You are viewing a plain text version of this content. The canonical link for it is here.
Posted to dev@synapse.apache.org by Paul Fremantle <pz...@gmail.com> on 2007/12/28 10:16:49 UTC

Re: Possible improvements in XSLTMediator

> > One more improvement.... I think we should make it possible to change
> > the default size that triggers a file using a config file (e.g.
> > synapse.properties).
>
> I agree. Please raise a JIRA :)

Done!
https://issues.apache.org/jira/browse/SYNAPSE-217

>
> > Anything else?
>
> I had a look at the code that handles the case where the output of the
> transformation is text rather than XML. I think there are multiple
> issues:
>
> 1) There are multiple places where character streams are converted to
> byte streams and vice versa:
>
> * Since the XSLT processor is configured with a StreamResult writing
> to an OutputStream (ByteArrayOutputStream or FileOutputStream), it
> will convert the output to a byte stream.
> * The output is then converted back to a character stream using
> ByteArrayOutputStream#toString or using TextFileDataSource.
> * In VFSTransportSender it is converted back to a byte stream using
> String#getBytes or OMNode#serializeAndConsume.
>
> The problem is that nowhere the code cares about the character
> encoding that is used in these conversions. I opened SYNAPSE-215 to
> describe the issue with ByteArrayOutputStream#toString. Probably in
> many cases the different issues tend to compensate each other so that
> the end result is correct. For example, ByteArrayOutputStream#toString
> and String#getBytes both use the platform's default encoding, so that
> the original byte stream is reconstructed. However this will fail if
> the byte stream contains sequences that are not valid in the default
> encoding (this may happen e.g. in UTF-8). Anyway, Synapse should be
> fixed to handle character encodings properly from end to end.

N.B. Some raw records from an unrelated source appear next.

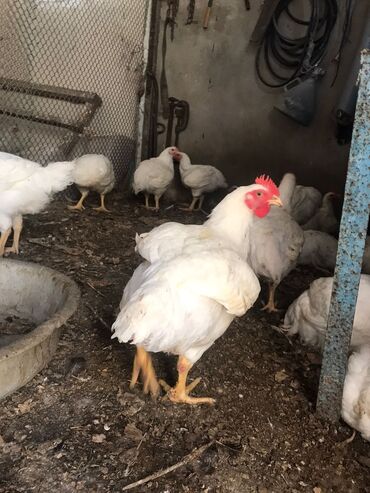 Toyuqlar: Təmizlənmiş Colpa var təmiz əti 1500.1600.1700.1800di istəyən zakas — 8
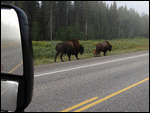 Some more Bison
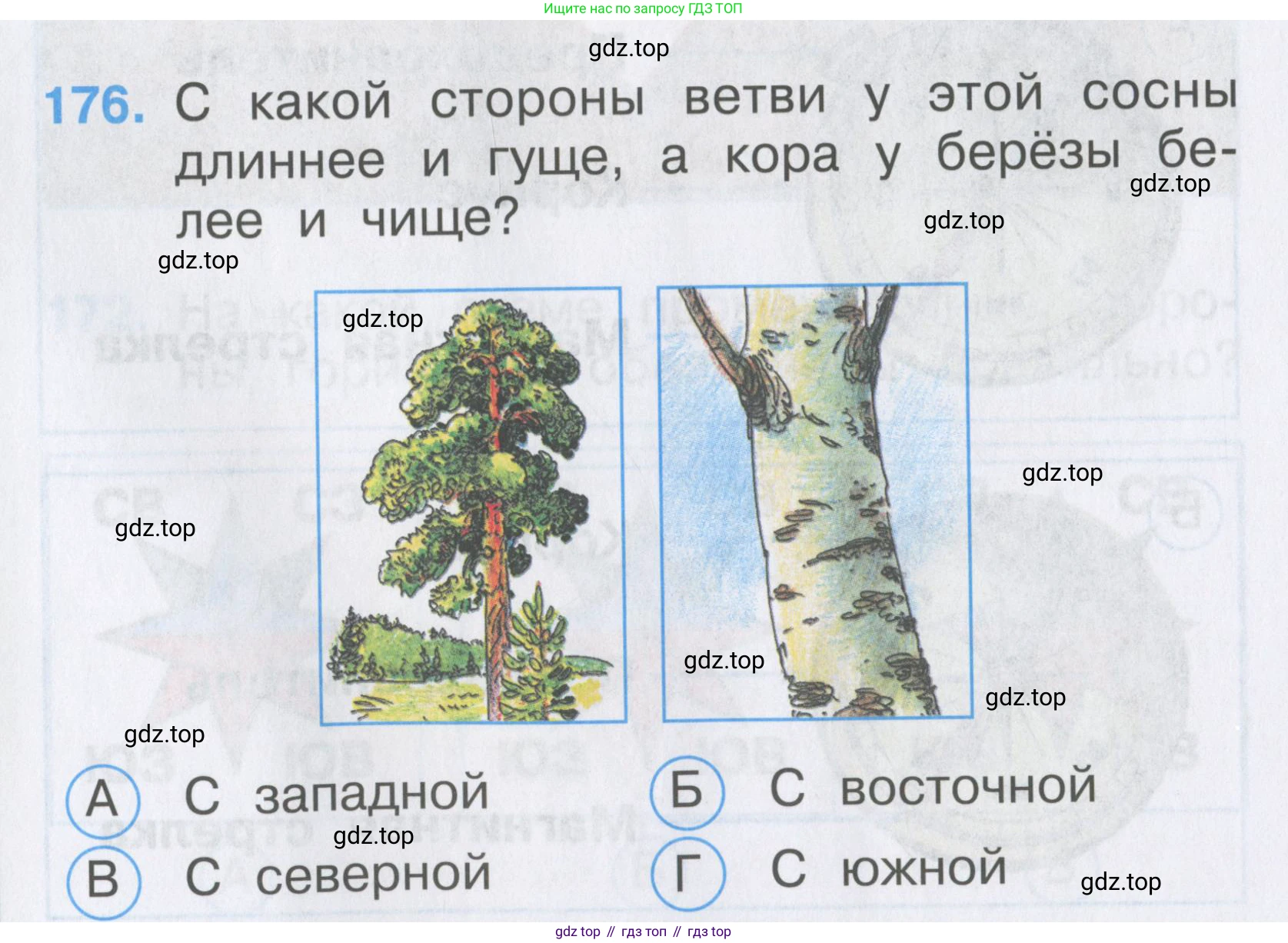 ГДЗ Окружающий мир, 2 класс Тесты, авторы: Плешаков Андрей Анатольевич, Гара Наталья Николаевна, Назарова З Д, издательство Просвещение, Москва, 2015, белого цвета, страница 64, номер 176, Условие
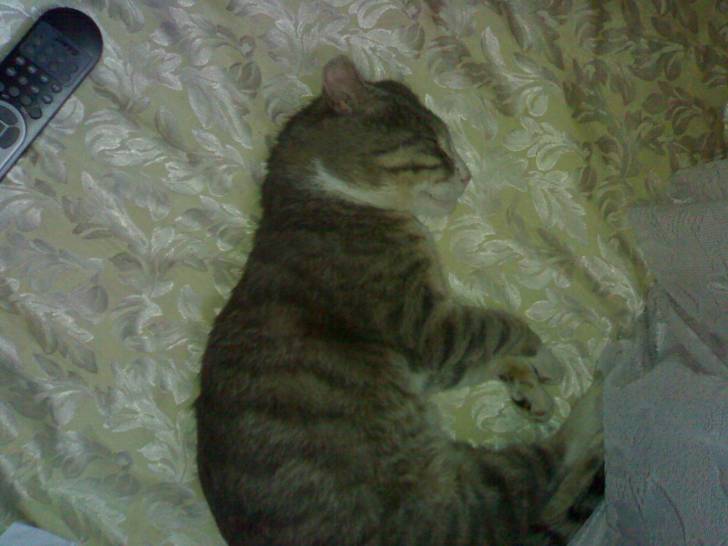 tigret - Mâle (2 ans)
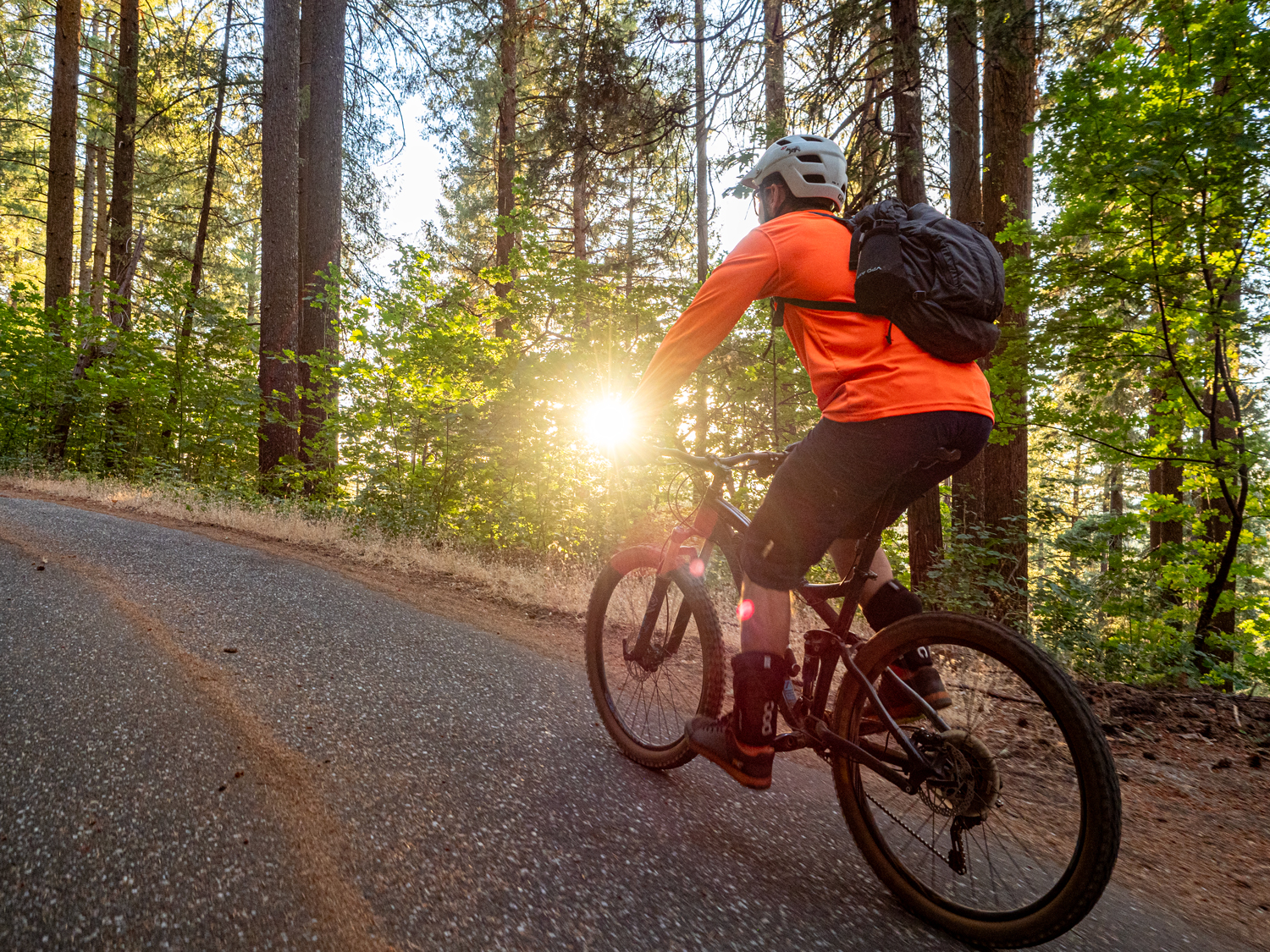person mountain biking in Nevada City California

I agree we need to think this through more thoroughly.


> 2) There are specific issues with TextFileDataSource:
>
> * When a ByteArrayOutputStream is used, the result is parsed as plain
> text (since an OMText object is created directly from the result of
> ByteArrayOutputStream#toString). On the other hand, when
> TextFileDataSource is used, the result is parsed as XML (more
> precisely as an external parsed general entity). For example, the
> ampersand (&) is considered as the start character for an XML entity.
> I opened SYNAPSE-216 for this issue. Note however that when the data
> is consumed by VFSTransportSender, this problem is circumvented by the
> fact that the serialize method bypasses the XML parsing...

Well spotted. Thanks!

> * TextFileDataSource implements OMDataSource but doesn't respect the
> contract (the Javadoc of OMDataSource is not very explicit but this
> can be seen from various examples in the Axis 2 source code):
> - serialize(OutputStream, OMOutputFormat) doesn't output the <text>
> wrapper element (actually the code is commented out) and doesn't take
> into account the character encoding specified by the OMOutputFormat.
> - serialize(Writer, OMOutputFormat) only outputs an empty <text>
> element.
> While this is exactly what is expected by VFSTransportSender, this
> might lead to unexpected results in other situations.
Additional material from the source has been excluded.